We were told that home care was the answer. We ran into trouble with that too. We need to make provisions. We cannot operate on the basis of what will happen next year unless we evaluate what happened this year and add our contingencies to it for what is likely to happen in the event of another pandemic or such. We have to factor that in. I do not think we are doing that. I do not want to criticise management or anybody else, but I am sick to my back teeth from listening to the same story again and again. One of our colleagues here mentioned that Christmas only comes once a year. It is just as well because if it came more often, we would have a serious crisis on our hands. We, the members of the committee, need to have confidence in the system now and in the future, and in its ability to deal with situations, including unforeseen circumstances, since those will always arise. This is nothing new. Management has to deal with this as a matter of urgency.

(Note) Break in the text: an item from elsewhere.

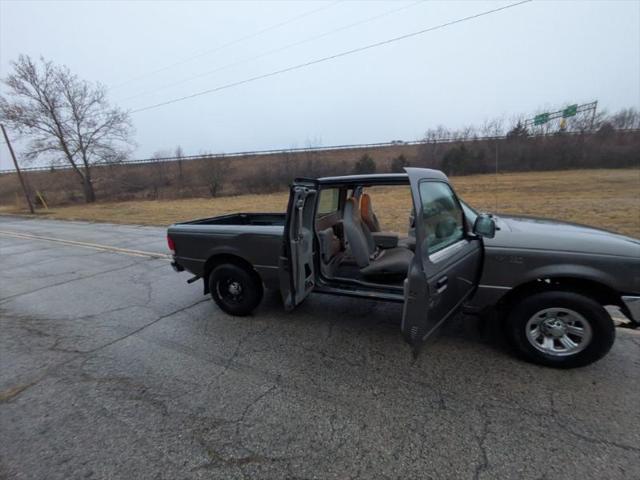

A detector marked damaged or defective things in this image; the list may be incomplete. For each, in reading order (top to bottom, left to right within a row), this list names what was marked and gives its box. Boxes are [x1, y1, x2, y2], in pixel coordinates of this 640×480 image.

cracked pavement [1, 218, 640, 480]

I suggest that the Secretary General of the Department of Health and the management of the HSE come together and work out a plan that works on an incremental basis as the year progresses, dealing with the situation now and what may arise in the future. They need to identify which areas are likely to come under pressure first, last, or never, and try to make sure that whatever we do from now on, we have the confidence to stand over it and say to the people outside, the patients and the staff on the front line of the health services that help is on its way now, not in five or ten years. We cannot have a situation where we go from crisis to crisis each year when it is well-known in advance that certain things are likely to happen or to reoccur. We are not doing that at present. I am not blaming anybody in particular but asking what in God's name we are doing about it that is visible and making the required contribution.

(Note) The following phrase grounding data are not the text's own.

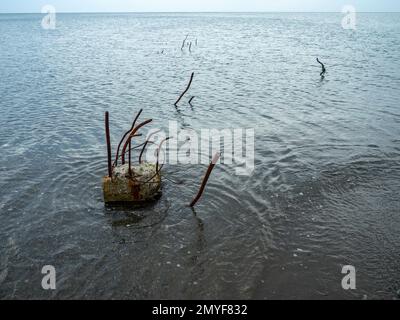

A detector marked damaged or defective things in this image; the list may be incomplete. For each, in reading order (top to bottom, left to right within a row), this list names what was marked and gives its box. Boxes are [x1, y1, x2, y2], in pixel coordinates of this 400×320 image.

rusty rebar [174, 72, 195, 107]
rusty rebar [113, 109, 143, 166]
curved rusty bar [113, 109, 143, 166]
rusty rebar [121, 117, 152, 164]
curved rusty bar [120, 119, 153, 164]
rusty rebar [139, 129, 161, 164]
cluster of rusty rods [104, 107, 220, 208]
rusty rebar [189, 152, 220, 208]
curved rusty bar [190, 152, 220, 208]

I have heard various experts on the health system in recent years at this committee, or on the health board as I have often said. We are not picking up the challenge the way we should. It is not happening and the public knows it is not happening, as do the staff at the coalface. The staff want to emigrate and go elsewhere; they do not want this unknown quantity and crisis hanging over their heads the whole time. This crisis is always around the corner waiting to happen. What we need is a plan that works. It must have stages 1, 2, 3 and 4 and if stage 1 is not working we must examine why it is not working and the same for stages 2, 3 and 4. We need to do something about that urgently.

The time for waiting is gone and from here on in we need to make a conscious decision that certain things are expected of us and that we are in the position where we can do something about it. We do not have the cheapest health service in the world. As time goes on it will get more expensive unless we deal with it. We need efficiency, effectiveness and positive outcomes for the health service. That has to happen soon.

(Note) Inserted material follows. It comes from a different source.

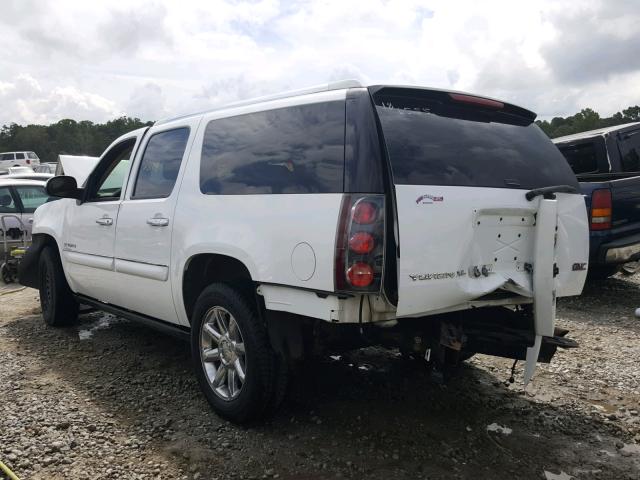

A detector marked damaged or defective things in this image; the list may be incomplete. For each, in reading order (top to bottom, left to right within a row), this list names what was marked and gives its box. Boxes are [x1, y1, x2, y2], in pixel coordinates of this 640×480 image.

damaged rear of suv [21, 80, 592, 422]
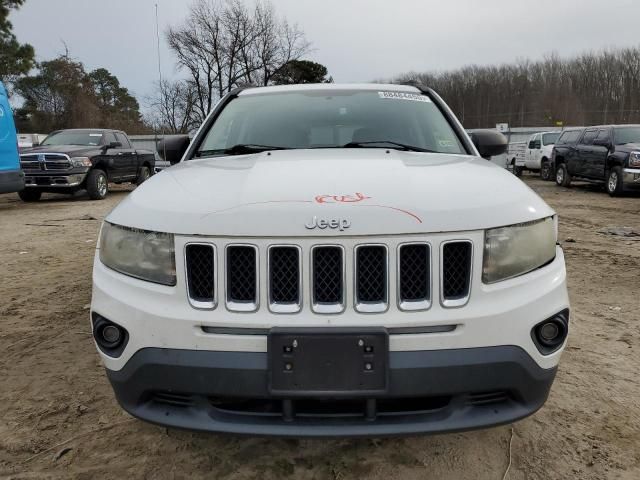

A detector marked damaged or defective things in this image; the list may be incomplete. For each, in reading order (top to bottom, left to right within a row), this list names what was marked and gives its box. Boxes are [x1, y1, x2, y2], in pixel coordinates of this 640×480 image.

We need to identify where the deficiencies are and fix them. Whether they are beds, staff levels or home care, we need to identify the deficiencies and deal with them because talking about them does not do anything at all and they will be there next year. If there are shortcomings in it now they will be there next year and if there are shortcomings this month they will be there next month and the following month and we will be hoping for the summer and hot weather to relieve the pressure. That is not the way to plan a health service. This is not a criticism or a lecture; it is a simple recognition that if certain things are not done then the service that is provided will become irrelevant because the people will lose confidence in it. The people are the patients and the staff are the ingredient that needs to be looked after in terms of working conditions, pay and whatever the case may be, in line with everything else. The fact of the matter is that as long as we go on the way we are going, with crisis after crisis and only chasing after it, it will not work. Whoever is alive this time next year will be back here again doing the same thing if we continue like we are.